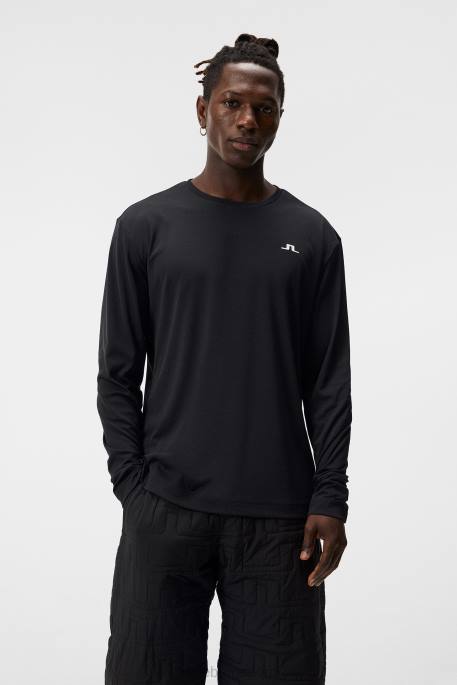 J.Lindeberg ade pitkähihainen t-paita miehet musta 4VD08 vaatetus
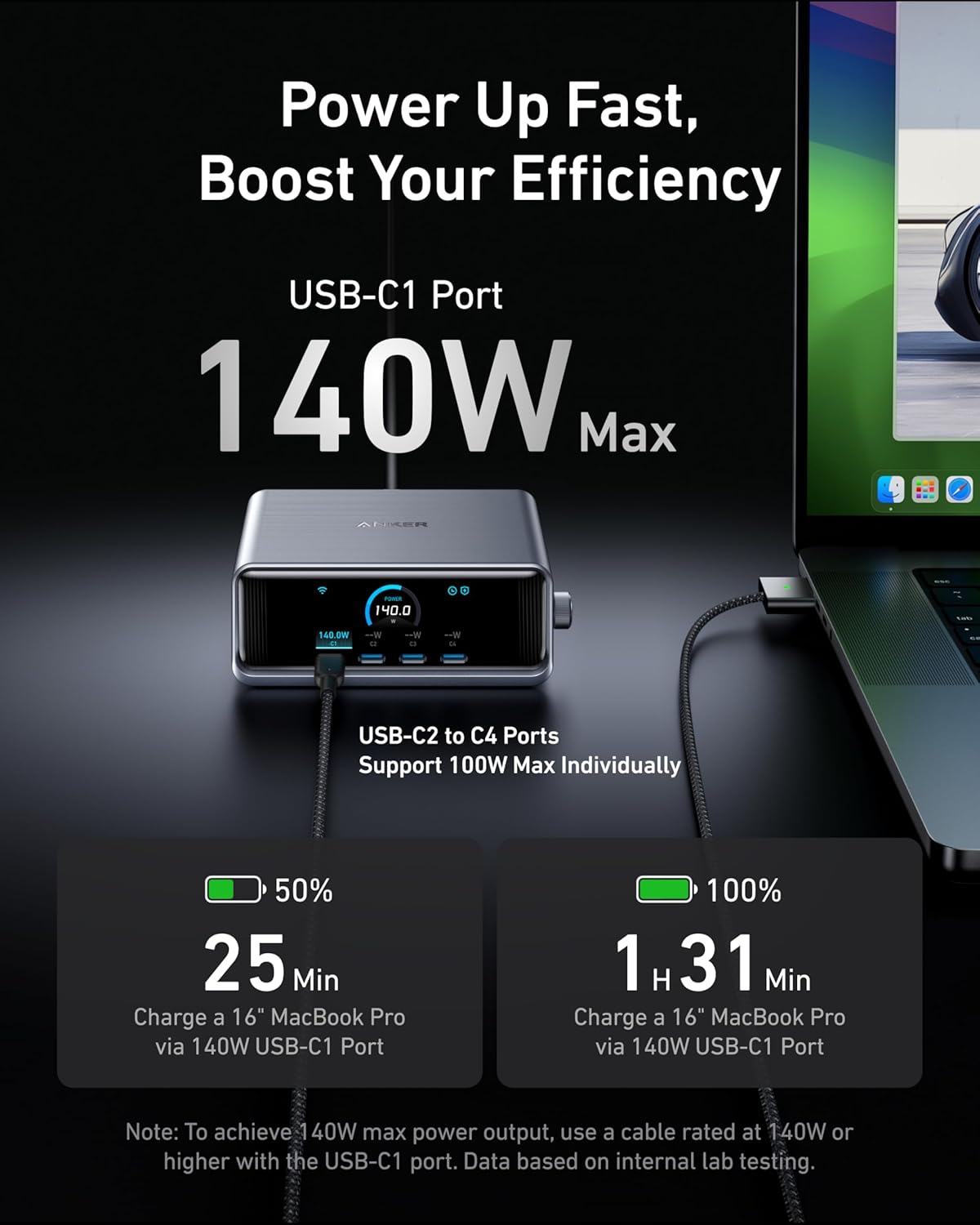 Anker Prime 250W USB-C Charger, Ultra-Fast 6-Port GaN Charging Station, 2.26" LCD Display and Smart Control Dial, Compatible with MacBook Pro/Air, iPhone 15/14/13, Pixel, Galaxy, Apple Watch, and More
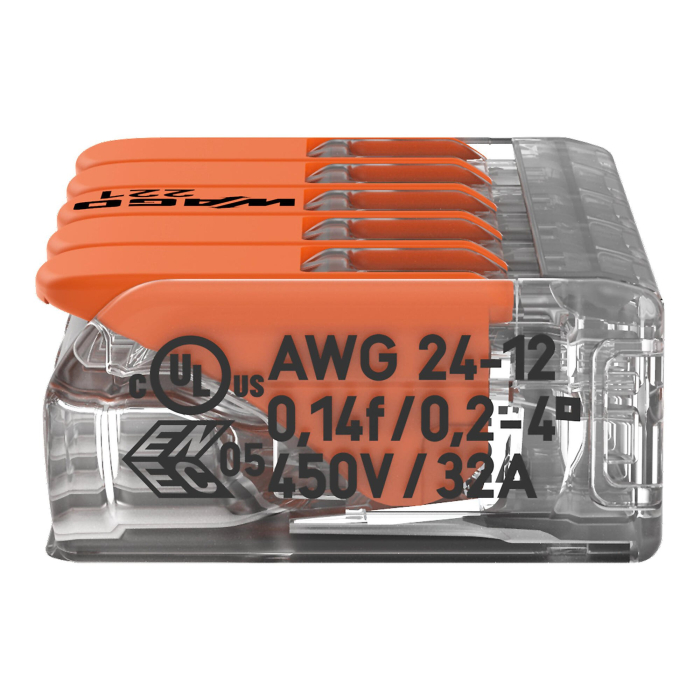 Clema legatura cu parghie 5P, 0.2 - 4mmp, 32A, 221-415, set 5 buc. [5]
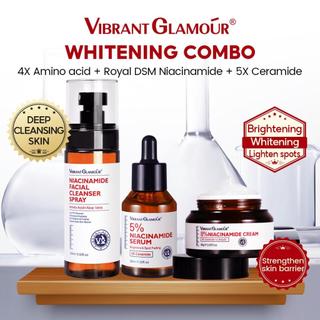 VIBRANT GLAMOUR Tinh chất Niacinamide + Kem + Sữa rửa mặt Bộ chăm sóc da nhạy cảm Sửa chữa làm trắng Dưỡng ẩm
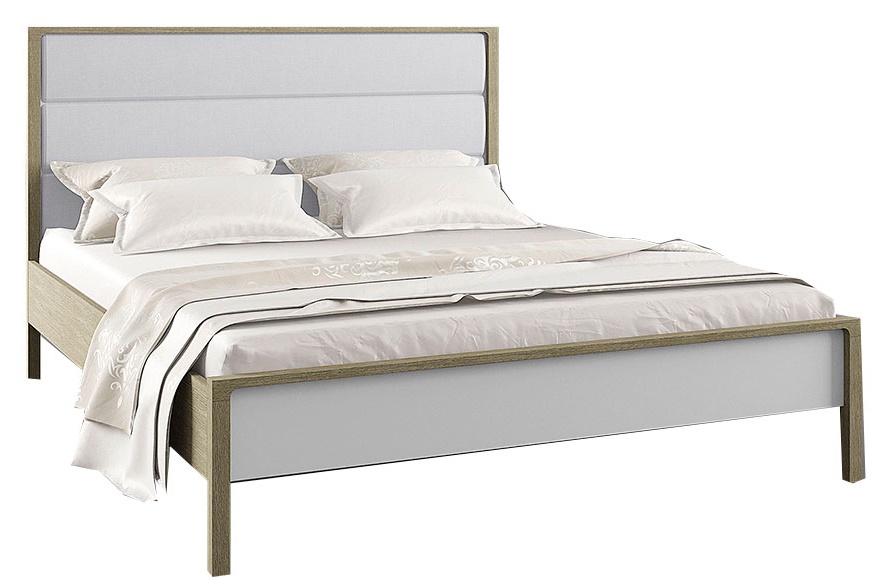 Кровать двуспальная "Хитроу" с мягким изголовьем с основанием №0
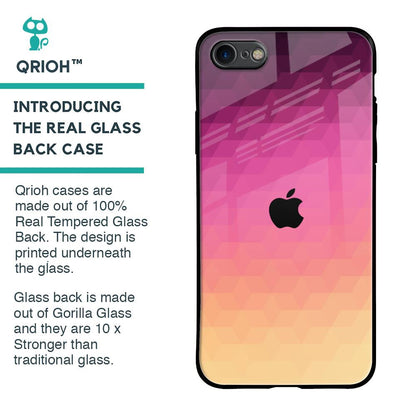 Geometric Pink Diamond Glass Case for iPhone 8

==

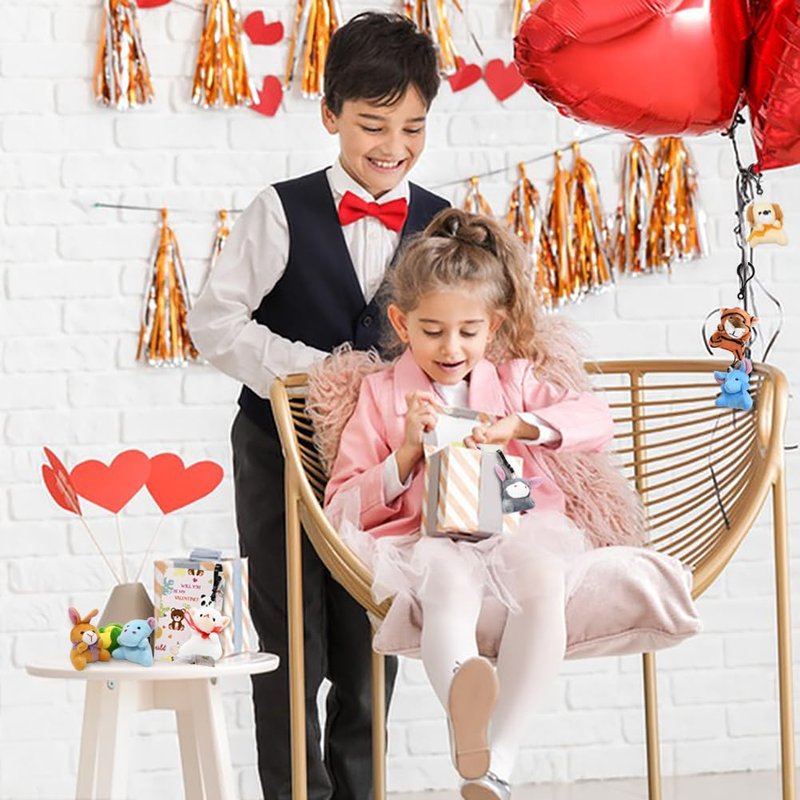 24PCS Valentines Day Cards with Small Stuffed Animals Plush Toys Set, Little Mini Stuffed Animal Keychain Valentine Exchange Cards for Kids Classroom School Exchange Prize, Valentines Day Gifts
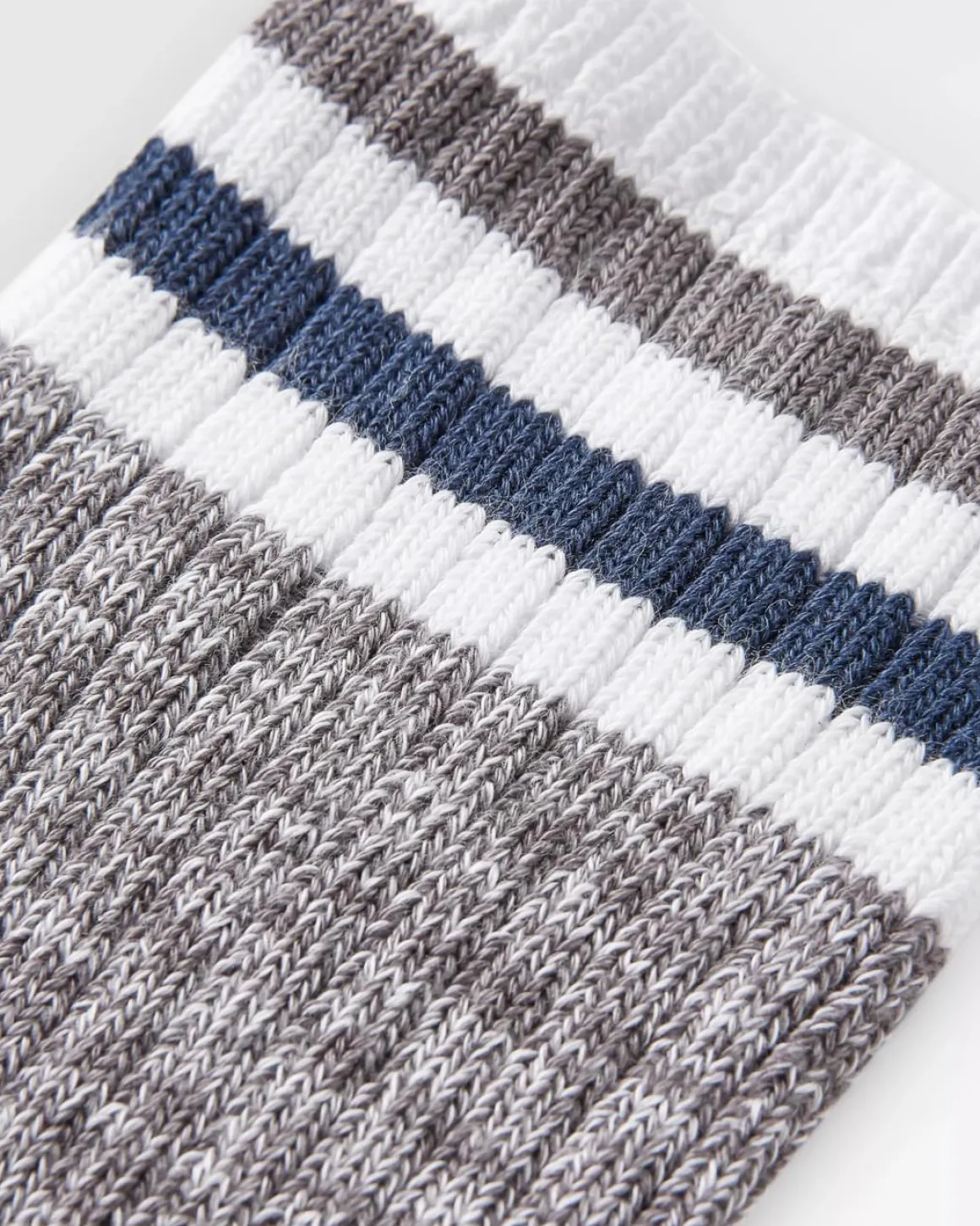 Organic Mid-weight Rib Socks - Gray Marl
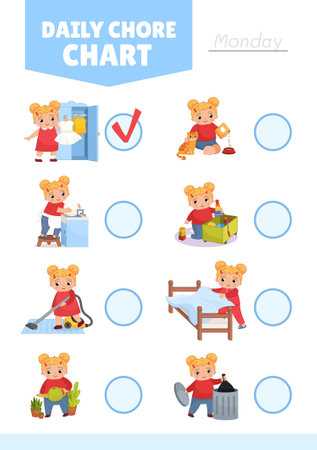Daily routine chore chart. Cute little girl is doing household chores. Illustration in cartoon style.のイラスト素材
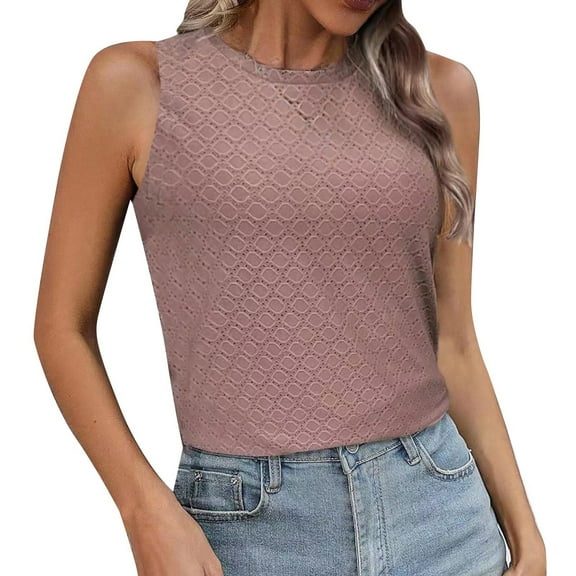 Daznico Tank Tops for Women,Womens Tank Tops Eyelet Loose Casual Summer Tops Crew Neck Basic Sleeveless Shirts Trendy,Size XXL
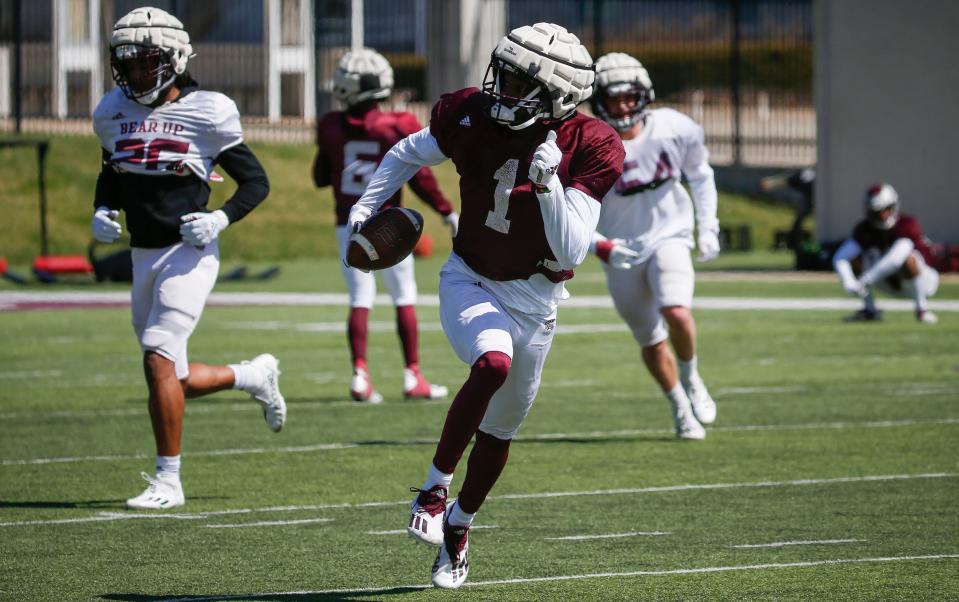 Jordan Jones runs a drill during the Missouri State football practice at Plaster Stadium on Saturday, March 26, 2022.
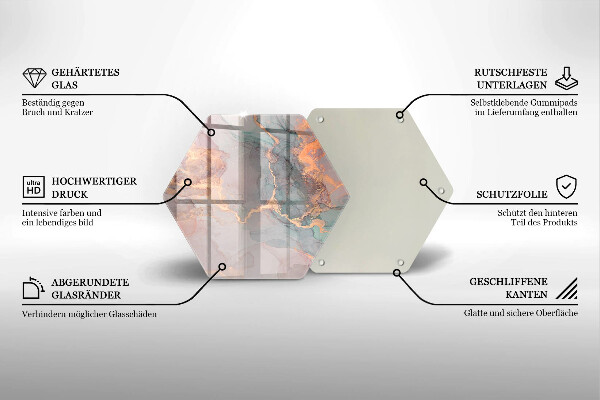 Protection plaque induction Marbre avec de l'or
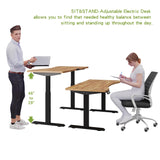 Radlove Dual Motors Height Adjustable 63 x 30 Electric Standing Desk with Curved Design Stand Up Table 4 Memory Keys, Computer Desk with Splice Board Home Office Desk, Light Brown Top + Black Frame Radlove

PROBLEM TO SOLVE.
Exact copy, no pictures. Write out the lines in the entries above, starting with the line with "с основанием №0" and going on through the line with "Geometric Pink Diamond", keeping both.

ANSWER BOX.
 Кровать двуспальная "Хитроу" с мягким изголовьем с основанием №0
 Geometric Pink Diamond Glass Case for iPhone 8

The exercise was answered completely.